____ Record set
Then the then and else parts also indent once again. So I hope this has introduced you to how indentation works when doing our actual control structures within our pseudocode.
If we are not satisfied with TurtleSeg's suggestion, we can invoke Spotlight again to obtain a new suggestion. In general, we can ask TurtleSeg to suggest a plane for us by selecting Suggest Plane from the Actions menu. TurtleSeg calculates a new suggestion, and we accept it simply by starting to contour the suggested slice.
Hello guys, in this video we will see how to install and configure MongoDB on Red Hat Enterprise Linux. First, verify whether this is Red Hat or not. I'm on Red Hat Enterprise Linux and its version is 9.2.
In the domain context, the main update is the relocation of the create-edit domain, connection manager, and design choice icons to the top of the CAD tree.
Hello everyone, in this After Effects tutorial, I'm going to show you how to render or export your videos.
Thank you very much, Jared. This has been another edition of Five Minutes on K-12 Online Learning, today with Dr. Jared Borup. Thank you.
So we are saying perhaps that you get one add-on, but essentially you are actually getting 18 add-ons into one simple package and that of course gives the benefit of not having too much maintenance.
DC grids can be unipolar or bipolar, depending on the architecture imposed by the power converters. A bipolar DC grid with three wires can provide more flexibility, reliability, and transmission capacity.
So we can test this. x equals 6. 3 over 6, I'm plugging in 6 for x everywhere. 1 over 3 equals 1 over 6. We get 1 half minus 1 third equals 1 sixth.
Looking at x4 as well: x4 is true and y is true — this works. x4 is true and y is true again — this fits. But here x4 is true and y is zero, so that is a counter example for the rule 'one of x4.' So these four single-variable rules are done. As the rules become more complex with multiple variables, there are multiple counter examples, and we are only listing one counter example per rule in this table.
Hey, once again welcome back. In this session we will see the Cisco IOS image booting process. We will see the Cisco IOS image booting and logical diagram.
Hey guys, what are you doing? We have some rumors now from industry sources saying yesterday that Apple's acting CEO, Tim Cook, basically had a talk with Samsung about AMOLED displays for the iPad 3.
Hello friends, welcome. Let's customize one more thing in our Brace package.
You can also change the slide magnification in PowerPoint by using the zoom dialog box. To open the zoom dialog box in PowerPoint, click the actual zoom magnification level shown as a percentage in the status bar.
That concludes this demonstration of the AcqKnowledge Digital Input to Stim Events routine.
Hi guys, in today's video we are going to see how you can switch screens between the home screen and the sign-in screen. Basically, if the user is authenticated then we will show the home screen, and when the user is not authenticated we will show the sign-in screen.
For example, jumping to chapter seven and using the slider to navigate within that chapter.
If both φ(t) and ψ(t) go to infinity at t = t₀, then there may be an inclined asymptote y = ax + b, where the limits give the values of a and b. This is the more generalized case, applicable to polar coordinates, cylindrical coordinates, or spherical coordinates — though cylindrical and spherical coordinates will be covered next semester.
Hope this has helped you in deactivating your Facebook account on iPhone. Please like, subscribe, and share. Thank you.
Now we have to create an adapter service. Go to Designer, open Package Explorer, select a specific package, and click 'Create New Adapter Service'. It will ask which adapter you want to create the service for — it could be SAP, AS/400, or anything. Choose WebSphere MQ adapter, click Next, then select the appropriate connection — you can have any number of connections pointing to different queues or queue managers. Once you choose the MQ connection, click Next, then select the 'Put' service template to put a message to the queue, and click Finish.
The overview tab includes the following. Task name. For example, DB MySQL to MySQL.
________
== What is required ==
In the entries above, find every line holding the word "Thank" and copy it out.

== Exercise response ==
Thank you very much, Jared. This has been another edition of Five Minutes on K-12 Online Learning, today with Dr. Jared Borup. Thank you.
Hope this has helped you in deactivating your Facebook account on iPhone. Please like, subscribe, and share. Thank you.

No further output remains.